Comic Strip of the Day

CSotD: First Rule of Film Time: Nobody Critiques Film Time

Bn131109
Big Nate hits the mark with this one.

There are many cartoons based on kids, but Big Nate stands out as being, on the one hand, ridiculous and yet, on the other, pretty accurate. This week's arc, in which Nate has been attempting to break into the school paper's lineup as a critic, has been particularly good.

And today's touches off so many connections that I hardly know where to start.

School films/videos/filmstrips are a good place. My elder son had a teacher who showed so many videos in class that the kids nicknamed him "Coach." Fortunately, by the time he told me this, he had reached the age where I no longer felt compelled not to laugh at things a good parent wouldn't laugh at.

I was Nate's age in an era in which showing a film meant dragging out a lot of equipment, and most of my teachers couldn't be bothered.

And, while I can see how walking into class and seeing it set up for a filmstrip could be the sign of a day off, the material they had to draw from was, as Nate's critique suggests, so dreary that my response on those rare occasions was "oh, no."

515px-Nanook_of_the_northI do, however, recall one time when all three fourth grade classrooms trooped down to the All-Purpose Room to watch a documentary on Eskimos.

I'm pretty sure it was "Nanook," but, whatever it was, it was impenetrable to us until one of the women picked up her baby and whipped out a breast to feed it.

There is nothing quite so memorable as a film stopped midstream for an impromptu, highly incensed lecture on maturity, delivered to a cafetorium full of nine-year-olds.

However little we learned from this episode, our teachers apparently learned even less, because, a few years later, somebody came up with a plan to have the last period Friday devoted to high school and junior-high teacher in-service workshops.

This would be made possible by putting us all in the auditorium to watch movies.

The money-saving part of this was that there were all sorts of movies you could get for free.
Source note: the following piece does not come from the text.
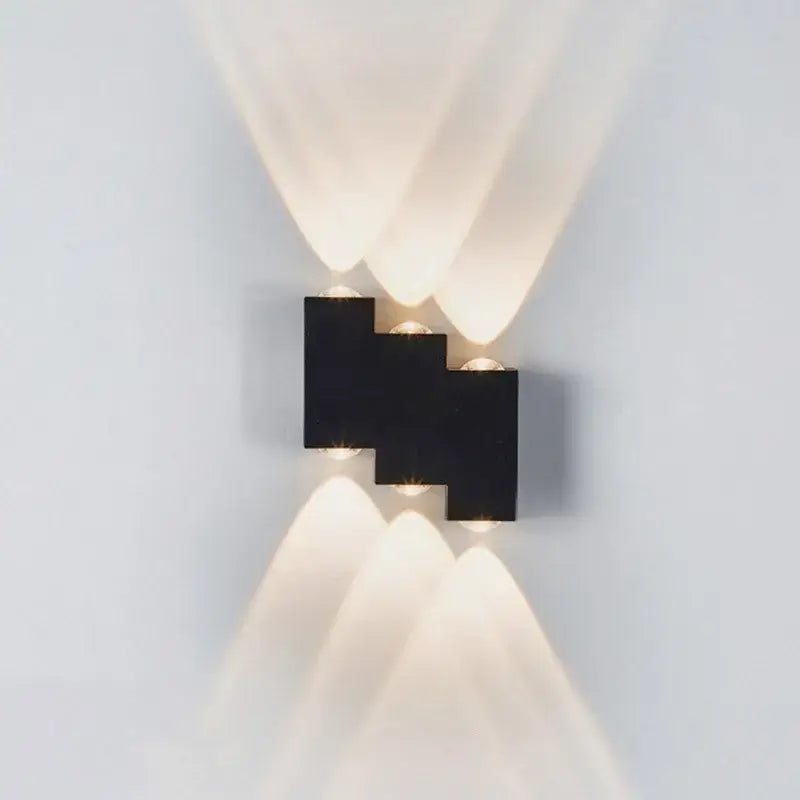 Modern black geometric wall lamp with four angled ip65 led lights casting warm soft beams for garden decorbites ip65 led wall use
The only one I remember was a documentary on the mining of bituminous coal, which was probably only 10 or 15 minutes long but felt like Sorrow and The Pity, but a little bit longer and without as much humor.

We were neither spellbound nor silent and they may have decided that their cunning plan didn't work with junior high kids, because we were somehow not present for the final and legendary film session, which involved two teachers up in the projection booth, running the films and getting a head start on the weekend.

They got a good enough head start that one of them leaned out of the booth and called to the principal, who was patrolling the aisles to keep an eye on the high school kids, "Hey, P.A.! What are you doing, selling popcorn?"

Career repercussions followed; the movies ended.

The other element in today's many-layered Big Nate is the commentary on crap plotlines.

In my guise as a writer for children, I try hard to avoid the theme I call, "The Twins Solve A Mystery," which I think results when authors grow up watching Scooby-Doo instead of reading Johnny Tremain or The Phantom Toolbooth.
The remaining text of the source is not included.